What follows is a harrowing account of the siege of Fort Selkirk by Chilkat Tlingit warriors.

Other than Campbell’s dog, Tiger, who died valiantly trying to save his master, no one was killed that day.

All the residents of the fort ended up fleeing by boat, most in whatever they were wearing at the time of the attack, with only two furs to share and no food to speak of.

This is just one example of how Campbell’s trading post misadventures run counter to the stereotypes most experts have about first contact, said historical archeologist Victoria Castillo, who recently defended her PhD thesis on work she’s done at Fort Selkirk.

The standard story goes that whenever the Hudson Bay Company moved into an area, the local indigenous people were immediately consumed.

Castillo’s research shows that was not always the case.
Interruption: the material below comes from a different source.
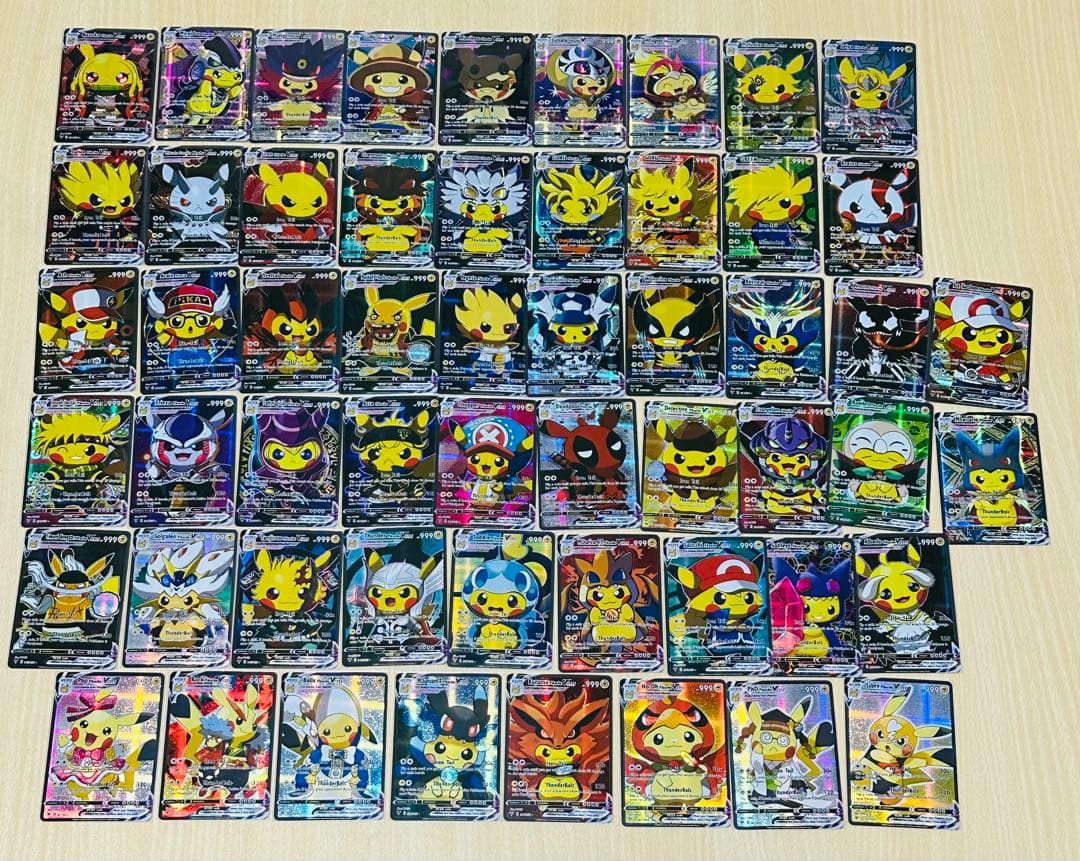 まとめ売り55枚！ポンチョを着たピカチュウ　コレクション用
At Fort Selkirk, the Northern Tutchone, Campbell’s biggest trading partner, were very much in control.

Campbell writes about the natives withholding meat from the starving trading post.

And the Northern Tutchone would often save their best goods for their traditional trading partners, the coastal Chilkat Tlingit.
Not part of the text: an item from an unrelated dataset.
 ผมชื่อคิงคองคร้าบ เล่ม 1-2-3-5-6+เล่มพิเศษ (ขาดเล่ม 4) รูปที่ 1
It was the Chilkats who evicted Campbell in the end, but he was disliked by both native groups.

“The trading post could have upset hierarchies within the Northern Tutchone system,” said Castillo.
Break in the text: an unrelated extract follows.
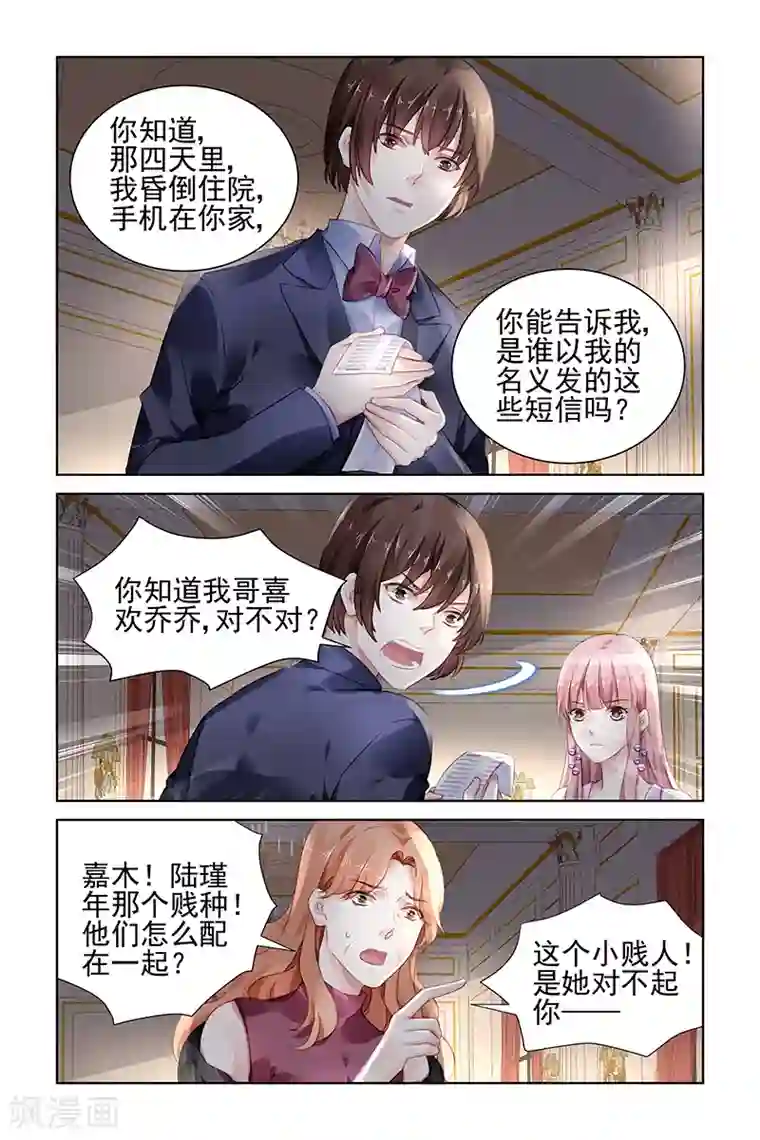 男人的蘑菇头越大越好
“Rather than having your chiefs coming in to trade, a poor person could come in to trade. Campbell was desperate, so he’d trade with anybody. And he wouldn’t just trade artifacts or material culture, he would trade meat.

“Really one of the biggest things you see in the journals is that Campbell was basically starving the entire time they’re there.”

Using both archeological excavations and historical documents like Campbell’s journal, Castillo is trying to create a more complete picture of what life was like at Fort Selkirk in the 1850s.

Castillo began the excavation work in 2005, at the site she calls Fort Selkirk 2.

This is the site that everyone thinks about when they hear “Fort Selkirk.”

It’s reachable only by boat, on the far side of the Yukon River, near its confluence with the Pelly River.

Campbell’s fort was burned down after the Chilkats evicted him, although it’s unclear whether this was done by the Chilkats or the Northern Tutchone, looking to snag the fort’s iron works.

The restored buildings at the historic site today were rebuilt about 40 years after Campbell was booted out. The little community was abandoned in the 1950s after the Klondike Highway was built and Yukon River traffic died down.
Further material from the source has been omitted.